Qu’est-ce que la hiérarchie des normes ?

Pour comprendre la hiérarchie des normes, il faut connaître l’ordre dans lequel elles se déclinent :

  • la constitution ;
  • les conventions internationales ;
  • les lois ;
  • les règlements ;
  • les conventions et accords collectifs ;
  • le règlement intérieur ;
  • le contrat de travail.

C’est la pyramide des normes. En droit général, chaque norme doit respecter une norme de niveau supérieur à laquelle elle apporte des précisions. En cas de conflit de normes de niveaux différents, c’est la norme supérieure qui s’applique.

Le droit spécial du travail vient inscrire un principe de faveur dans la hiérarchie des normes : « Une convention ou un accord peut comporter des stipulations plus favorables aux salariés que les dispositions légales en vigueur. Ils ne peuvent déroger aux dispositions qui revêtent un caractère d’ordre public ».

Selon cette disposition, introduite au Code du travail par les lois Auroux en 1982 (C. trav., art. L. 2251–1), la loi fixe un plancher de droit auquel le contrat de travail ou l’accord collectif, normes de niveau inférieur, peuvent déroger à condition que ce soit dans un sens plus favorable au salarié.

Ce principe de faveur a été, une première fois, remis en cause par la loi du 4 mai 2004. Cette loi a autorisé qu’un accord de niveau inférieur comporte des dispositions moins favorables que l’accord de niveau supérieur. Cette première fracture du droit social avait cependant été limitée par l’interdiction en matière de :

  • salaires minima ;
  • classifications :
  • garanties collectives en matière de protection sociale complémentaire ;
  • mutualisation des fonds destinés à la formation professionnelle.

De plus, la règle ne s’appliquait pas si l’accord de niveau supérieur l’avait expressément interdit.

La loi du 20 août 2008 a ensuite marqué une nouvelle étape dans l’inversion des normes. En effet, elle a permis d’outrepasser le verrouillage de l’accord de branche par accord d’entreprise pour les sujets suivants :

  • le contingent d’heures supplémentaires ;
  • l’aménagement du temps de travail ;
  • la mise en place de conventions de forfaits ;
  • le fonctionnement du compte épargne temps.

Le verrouillage de l’accord de branche restait effectif pour les autres sujets relatifs à la durée du travail.

La loi travail parachève l’inversion des normes de la durée du travail en supprimant ces limitations. Tous les items de la durée et des horaires de travail sont ouverts à la négociation dans l’entreprise ou l’établissement. La limite de ces négociations n’est plus fixée par la norme supérieure mais par l’ordre public défini par le législateur pour chaque thème.
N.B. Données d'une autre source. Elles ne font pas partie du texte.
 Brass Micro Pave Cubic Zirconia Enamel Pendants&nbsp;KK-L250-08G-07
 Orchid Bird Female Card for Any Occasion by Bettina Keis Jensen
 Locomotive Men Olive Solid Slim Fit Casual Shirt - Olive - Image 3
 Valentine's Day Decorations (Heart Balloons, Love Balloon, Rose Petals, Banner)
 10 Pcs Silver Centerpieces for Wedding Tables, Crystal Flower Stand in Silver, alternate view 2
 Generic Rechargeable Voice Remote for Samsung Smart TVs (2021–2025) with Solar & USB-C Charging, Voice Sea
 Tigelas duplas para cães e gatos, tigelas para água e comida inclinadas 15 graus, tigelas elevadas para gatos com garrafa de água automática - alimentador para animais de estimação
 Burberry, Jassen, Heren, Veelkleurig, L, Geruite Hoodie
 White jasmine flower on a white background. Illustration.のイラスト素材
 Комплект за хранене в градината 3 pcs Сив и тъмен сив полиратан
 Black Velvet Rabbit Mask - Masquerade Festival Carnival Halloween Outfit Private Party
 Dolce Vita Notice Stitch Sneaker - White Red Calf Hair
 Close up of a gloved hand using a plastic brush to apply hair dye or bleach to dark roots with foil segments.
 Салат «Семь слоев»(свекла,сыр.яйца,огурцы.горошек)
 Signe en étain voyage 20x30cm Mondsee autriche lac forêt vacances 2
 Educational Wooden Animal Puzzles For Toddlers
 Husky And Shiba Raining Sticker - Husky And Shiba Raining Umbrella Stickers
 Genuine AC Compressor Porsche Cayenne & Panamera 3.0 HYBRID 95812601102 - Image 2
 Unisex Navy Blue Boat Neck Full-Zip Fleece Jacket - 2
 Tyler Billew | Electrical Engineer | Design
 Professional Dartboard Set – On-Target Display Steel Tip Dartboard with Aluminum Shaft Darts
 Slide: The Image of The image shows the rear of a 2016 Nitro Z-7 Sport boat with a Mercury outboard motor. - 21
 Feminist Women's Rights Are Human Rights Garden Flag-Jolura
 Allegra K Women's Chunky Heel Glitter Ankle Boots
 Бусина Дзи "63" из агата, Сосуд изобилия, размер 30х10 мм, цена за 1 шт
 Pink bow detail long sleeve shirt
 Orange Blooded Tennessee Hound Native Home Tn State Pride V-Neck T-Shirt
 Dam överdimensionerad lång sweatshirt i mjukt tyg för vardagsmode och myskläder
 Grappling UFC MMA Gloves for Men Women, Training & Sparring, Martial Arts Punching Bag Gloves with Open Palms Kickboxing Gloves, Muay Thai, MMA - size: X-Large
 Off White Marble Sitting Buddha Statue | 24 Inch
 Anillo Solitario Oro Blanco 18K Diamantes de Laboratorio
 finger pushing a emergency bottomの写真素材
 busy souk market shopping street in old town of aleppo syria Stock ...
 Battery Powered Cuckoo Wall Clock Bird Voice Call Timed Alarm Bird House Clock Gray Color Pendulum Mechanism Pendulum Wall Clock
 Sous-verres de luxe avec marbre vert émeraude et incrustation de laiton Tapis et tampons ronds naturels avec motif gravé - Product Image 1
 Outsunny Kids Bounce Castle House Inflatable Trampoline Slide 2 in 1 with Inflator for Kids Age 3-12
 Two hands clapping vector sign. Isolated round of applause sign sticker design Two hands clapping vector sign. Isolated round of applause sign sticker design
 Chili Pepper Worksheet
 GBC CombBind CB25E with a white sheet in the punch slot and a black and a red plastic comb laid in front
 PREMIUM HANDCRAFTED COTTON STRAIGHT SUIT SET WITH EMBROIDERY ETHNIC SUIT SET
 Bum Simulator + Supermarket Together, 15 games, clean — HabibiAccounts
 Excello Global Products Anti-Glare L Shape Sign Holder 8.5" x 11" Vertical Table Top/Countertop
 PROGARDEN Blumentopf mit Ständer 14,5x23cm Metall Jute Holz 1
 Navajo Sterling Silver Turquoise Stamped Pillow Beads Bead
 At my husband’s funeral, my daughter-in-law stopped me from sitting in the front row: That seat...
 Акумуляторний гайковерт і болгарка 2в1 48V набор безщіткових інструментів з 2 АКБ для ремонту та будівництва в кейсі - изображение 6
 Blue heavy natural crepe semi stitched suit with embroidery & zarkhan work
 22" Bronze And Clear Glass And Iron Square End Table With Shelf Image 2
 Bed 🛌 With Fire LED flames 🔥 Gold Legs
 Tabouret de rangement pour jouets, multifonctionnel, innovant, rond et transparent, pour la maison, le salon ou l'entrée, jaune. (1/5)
Refonder le droit du travail et donner plus de place à la négociation

Si le droit du travail s’est construit pour palier à la situation de faiblesse du salarié face à son employeur, la loi travail s’est donnée pour objectif de favoriser la compétitivité des entreprises. Elle acte donc un changement de cap longuement annoncé et débattu.

La première pierre de ce nouvel édifice social est posée par l’article 8, consacré à la durée du travail et rédigé selon la future architecture du Code du travail. Chaque thème est ainsi articulé en 3 parties :

  • une première partie consacrée aux dispositions d’« Ordre public » ;
  • une deuxième partie fixant le « Champ de la négociation collective » ;
  • une troisième partie intitulée « Dispositions supplétives » établissant les décisions que peut prendre l’employeur en l’absence d’accord collectif.

Cet article préfigure donc la nouvelle rédaction du Code du travail dans sa partie législative. En effet, une commission d’experts et de praticiens des relations sociales doit proposer au Gouvernement une « refondation » de la partie législative du Code du travail dans un délai de 2 ans suivant la publication de la loi. Cette refondation du droit du travail attribuera une place centrale à la négociation collective.

Un nouveau Code du travail pour un nouvel ordre social orienté compétitivité.